### Assigned task
The records below hold pictures; please leave those out and retype the rest exactly.

━━━ Supplied records ━━━

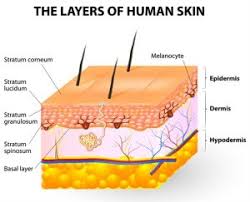 This is a common question people ask when researching laser hair removal technology that can grow the profitability of their business. 2020 Best Professional Laser Hair Removal Equipment Cosmetic Lasers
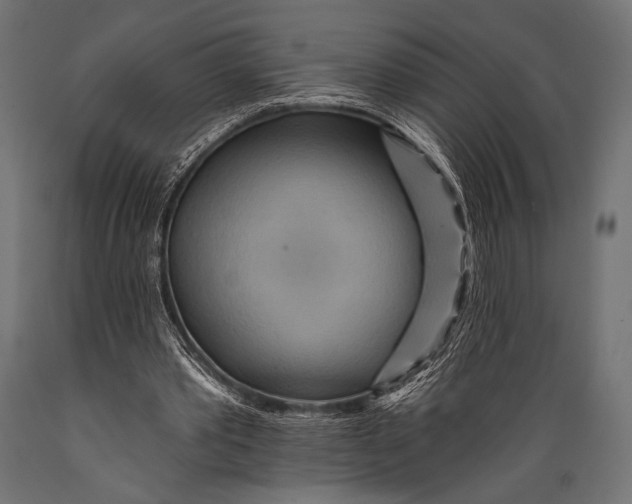X0000088870389200706291545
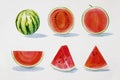 Painting summer watermelon collection, isolated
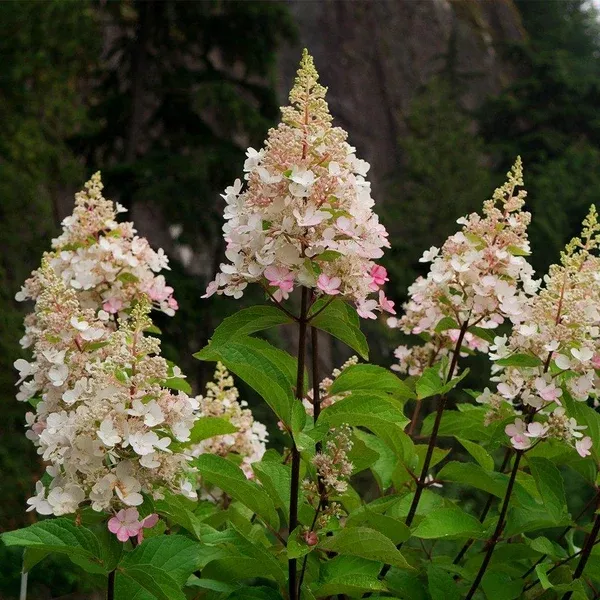 Candelabra Hydrangea # 2 BE Cont
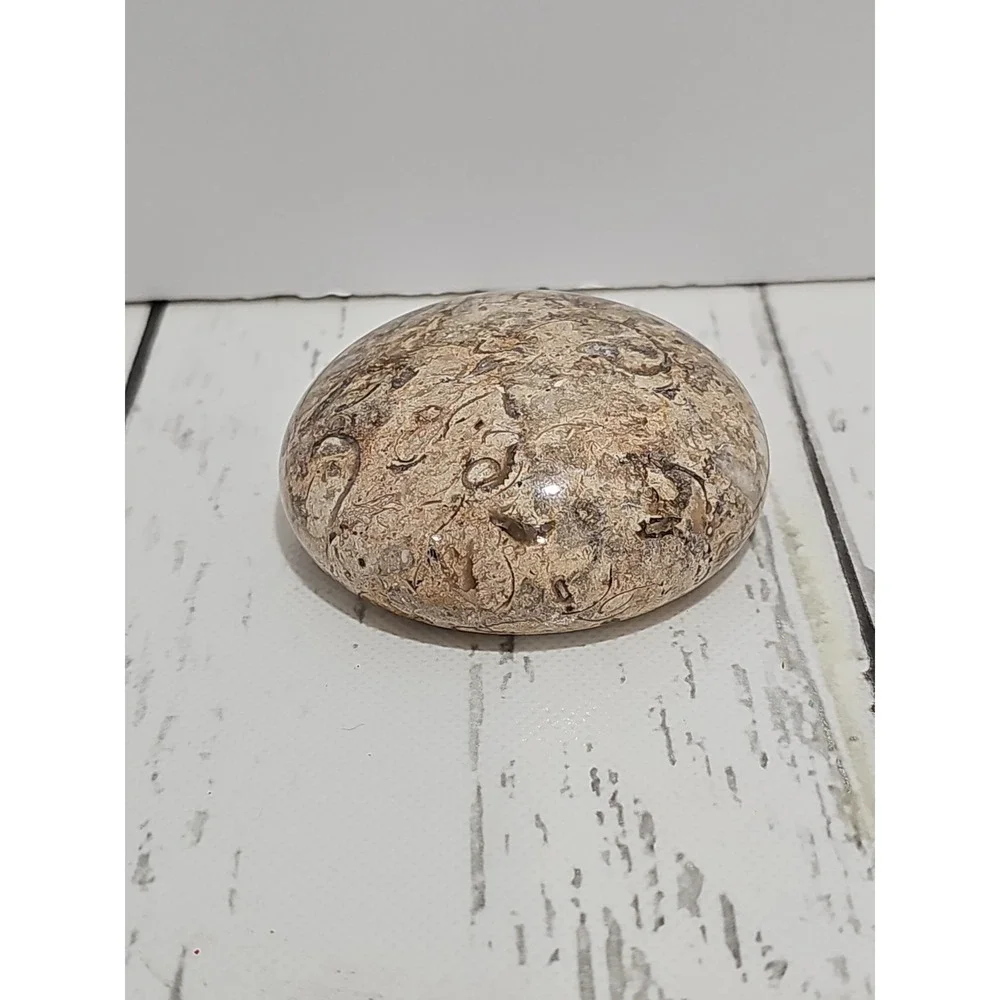 POLISHED SHELL FOSSIL PAPERWEIGHT. 3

━━━

### Solution to the problem
 This is a common question people ask when researching laser hair removal technology that can grow the profitability of their business. 2020 Best Professional Laser Hair Removal Equipment Cosmetic Lasers
X0000088870389200706291545
 Painting summer watermelon collection, isolated
 Candelabra Hydrangea # 2 BE Cont
 POLISHED SHELL FOSSIL PAPERWEIGHT. 3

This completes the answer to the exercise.